Of course, if there is good cause to amend the Participation Agreement, we will obviously consider this. However, any proposed changes need to be viewed in a holistic manner that considers the impact on all participants rather than just one.
In general, the Participation Agreement and other SAFIRE documentation is drafted with the terms “MUST”, “MUST NOT”, “REQUIRED”, “SHALL”, “SHALL NOT”, “SHOULD”, “SHOULD NOT”, “RECOMMENDED”, “MAY”, and “OPTIONAL” used as described in RFC 2119. Most documents explicitly state this, but the Participation Agreement does not.
Concern has been expressed about the use of the work “may” in §10.2 giving TENET the ability to make unilateral changes.
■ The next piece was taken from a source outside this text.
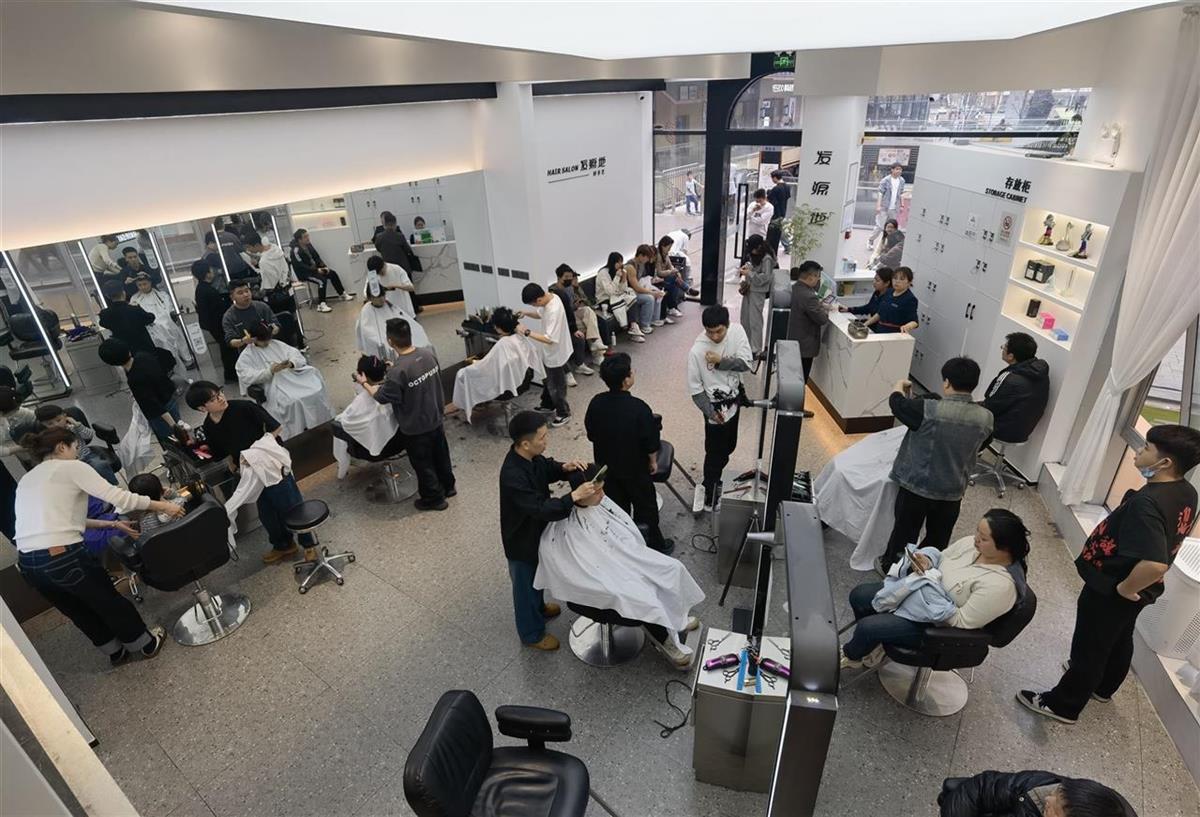 二月二这一天，武汉多家理发店顾客盈门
This is not our intent, and the current use of “may” rather than “must” was an oversight. We’ve sought specific legal advice around this issue and TENET’s own lawyers have advised that under common law, it is a fundamental requirement that agreements and amendments to agreements, are reached by consensus — thus even the current wording would require resignature (which was our intent in any event). However we will happily give any institution that requires it a written undertaking as a separate annexure that substantive changes to the Participation Agreement MUST involve resignature.